Thursday, July 3, 2008

Fouling the journalistic food chain

Local and state reporters often depend on national media sources for insight into how the rest of America views Kentucky. One well-established practice is treating the word of some of those sources as gospel.

Stateline.org is one of those sources.

Kentucky reporters looking for national reaction to the our 2008 General Assembly may want to be careful with Stateline's latest state-by-state legislative review.

The headline of this piece and the last two paragraphs bear little resemblance to reality. The only "rescuing" going on in last week's special session was of Gov. Steve Beshear's flagging political fortunes. Even he is starting to admit there is much more to do even as he takes a post-special session victory lap around the state. It is interesting no one has contradicted anything Sen.
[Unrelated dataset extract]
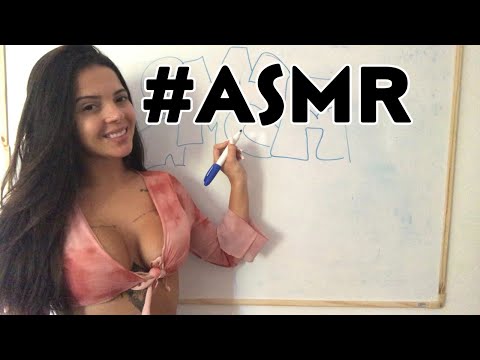 ASMR PROFESSORA DE INGLÊS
Tom Buford said in his floor speech explaining his "no" vote on HB 1, the only such vote in either chamber.

The statement the bill worked out "a timetable to fully fund the retirement system by 2025" is misleading as well, as the timetable would only fully fund the annual increase in liability in the year 2025. Not the whole thing. Under even the best of circumstances, the retirement system as impacted by HB 1 will be less fully funded in 2025 than it is now.

Further, the statement that the system "is under-funded because previous legislatures did not put enough money into it every year" ignores the part of the story that would truly allow reform to yield victory. If the writer is going to inject that much analysis into a "news" story, why not address the evolution in recent years toward a system of worker benefits the state can't come close to affording? It's like saying the reason all Kentuckians don't drive around in Rolls Royces is that we don't spend enough money on cars.
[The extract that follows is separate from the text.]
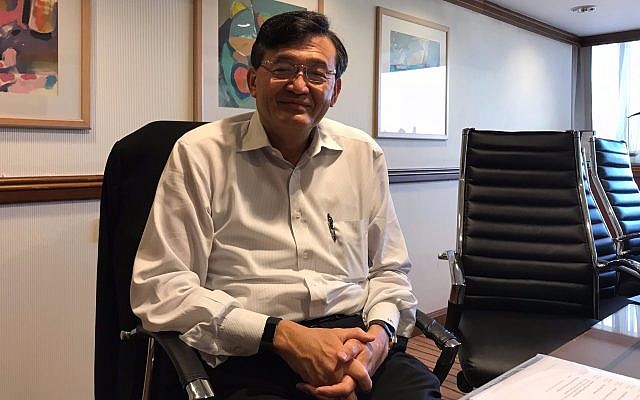 Lip-Bu Tan, president and CEO of Cadence Design Systems, Inc. in Tel Aviv, Nov. 6, 2017 (Shoshanna Solomon/TimesofIsrael) Lip-Bu Tan, president and CEO of Cadence Design Systems, Inc. in Tel Aviv, Nov. 6, 2017 (Shoshanna Solomon/TimesofIsrael)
The lesson that has to be learned before anyone interested in the fiscal health of the state can claim victory is that we can't spend what we don't have. The Stateline article does nothing to move us toward that realization.

2 comments:

Anonymous said...

Most of America thinks Kentuckians are barefoot, inbred and toothless.
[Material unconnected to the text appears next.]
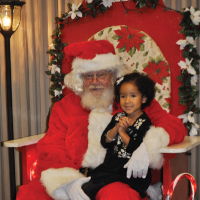 Santa with child on lap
Well... Jimmy cracked corn, and I don't care.

Really, why care? I am interested in what IS happening here in Kentucky, not what outsiders "THINK" is happening here.

Don't tell me---show me.

David Adams said...

Some Kentuckians are barefoot, inbred, and toothless but none of us enjoy a state government that just fixed its own pension mess. When local media report that mistaken impression about HB 1 to your fellow Kentuckians, many will believe it and vote accordingly. That is why you should care.